> TASK ITEM
Although the data below holds other lines too, output only those from the line with "被迫成为残疾总督的Omega后[男A女O]" up to and including the line with "사진 = tvN '은밀한 감사' 캡처", exactly as they appear.

> INPUT FOR THIS TASK
....
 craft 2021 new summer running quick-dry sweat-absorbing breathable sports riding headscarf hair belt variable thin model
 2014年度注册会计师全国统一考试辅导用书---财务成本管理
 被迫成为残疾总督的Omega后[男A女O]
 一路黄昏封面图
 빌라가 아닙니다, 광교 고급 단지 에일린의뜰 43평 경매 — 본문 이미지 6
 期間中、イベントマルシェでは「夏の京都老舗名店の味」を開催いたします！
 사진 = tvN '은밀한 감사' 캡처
....
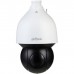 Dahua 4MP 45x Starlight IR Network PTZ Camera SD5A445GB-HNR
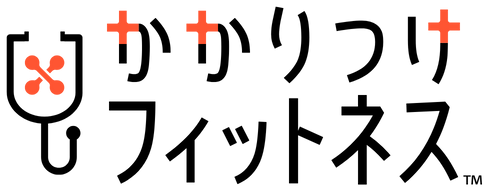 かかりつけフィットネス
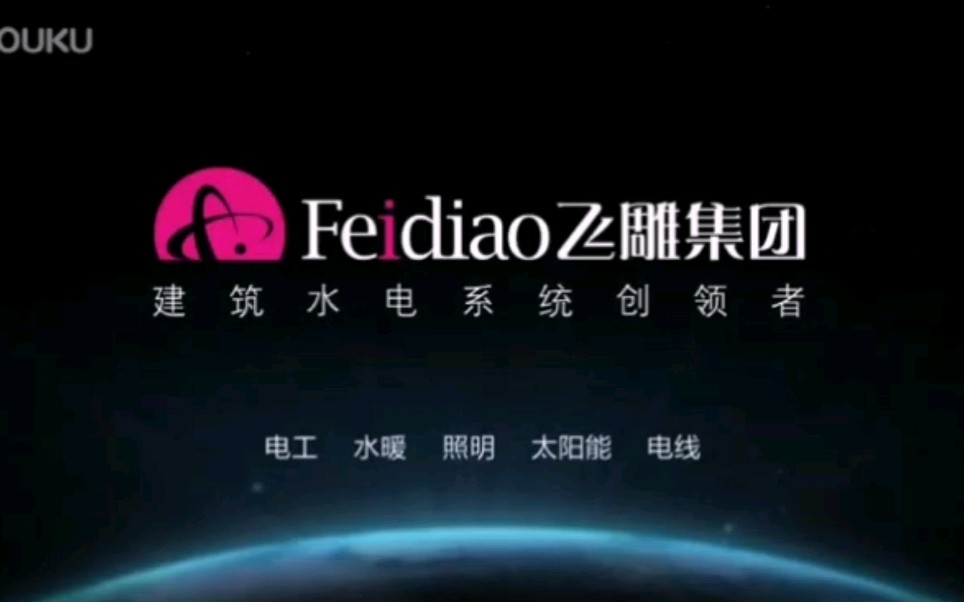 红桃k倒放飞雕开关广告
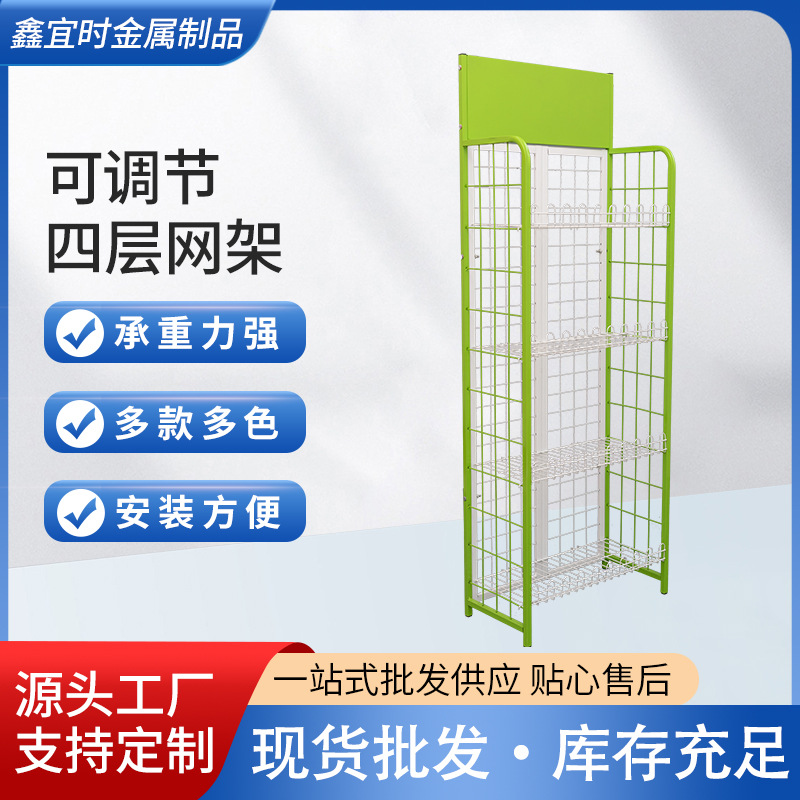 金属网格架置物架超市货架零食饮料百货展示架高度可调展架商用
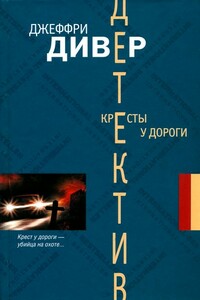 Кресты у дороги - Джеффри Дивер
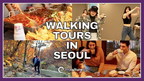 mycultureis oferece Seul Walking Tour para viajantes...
....
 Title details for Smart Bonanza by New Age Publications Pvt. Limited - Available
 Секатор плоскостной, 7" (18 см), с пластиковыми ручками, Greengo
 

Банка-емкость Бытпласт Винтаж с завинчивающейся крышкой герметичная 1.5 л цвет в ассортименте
....
> TASK ANSWER
 被迫成为残疾总督的Omega后[男A女O]
 一路黄昏封面图
 빌라가 아닙니다, 광교 고급 단지 에일린의뜰 43평 경매 — 본문 이미지 6
 期間中、イベントマルシェでは「夏の京都老舗名店の味」を開催いたします！
 사진 = tvN '은밀한 감사' 캡처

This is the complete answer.